Synthetic Short Stock
The only advantage of a synthetic short stock position over just shorting the stock itself is the margin requirements. It takes less margin to use a synthetic short stock position as compared to just shorting the stock.
Another reason some people use a synthetic short is because mentally, they seem less scared of the numbers using options as compared to shorting the stock, although the risk is virtually the same.
Using a stock like McDonald’s (MCD) if you wanted to short 100 shares with MCD trading at $200.00 you would bring in about $20,000.00 in cash into your account. In our account it would cost us about $10,000.00 in margin to have this position on.

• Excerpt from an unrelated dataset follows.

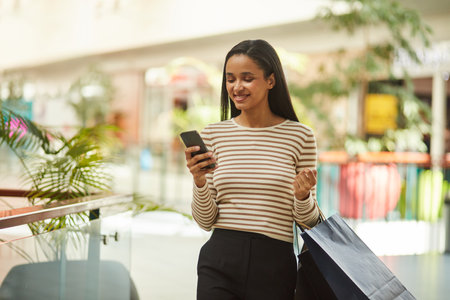Happy Woman Holding Smartphone, Shopping at Trendy Boutiqueの写真素材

If you wanted to place a synthetic short stock position with MCD trading at $200.00 and going about 30 days out, you would purchase the $200.00 Put for about $3.90 or ($390.00) and sell the $200 Call for about $4.40 or ($440.00) giving you a net cash income of about $50.00. In our account the margin required for this trade was about $4,200.00.
NOTE: The risk is the same with a short stock position or a synthetic short position.
What are the differences?
First, it has to do with the amount of cash you bring into the account.
Short Stock: $20,000.00
Synthetic Short: $50.00
Truthfully, most of the time I would rather have the extra $20,000.00 in my account.

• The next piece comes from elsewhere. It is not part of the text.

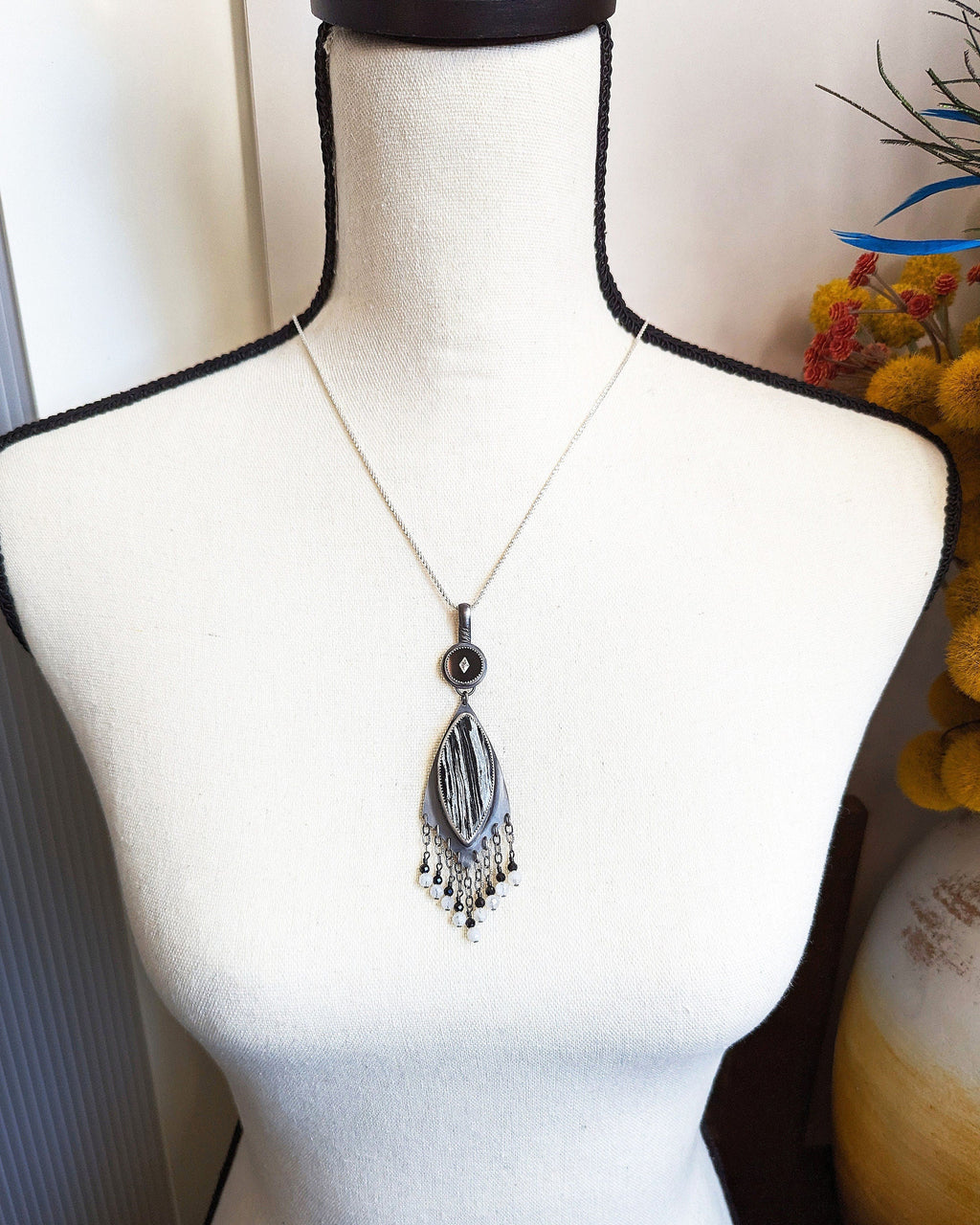 Two-stone sterling silver necklace with vintage glass accent shown on bust for scale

Second, is the margin requirement.
Short Stock: $10,000.00
Synthetic Short: $4,200.00
The margin requirement for the synthetic short is about 40% of actually shorting the stock. This can be very beneficial if you are account is close to your margin limits.
Risk, the overall risk is virtually the same in both the short stock and synthetic short option position.
Overall, I really don’t see any reason to use a synthetic short position. But, it is always good to learn about new ways to use options.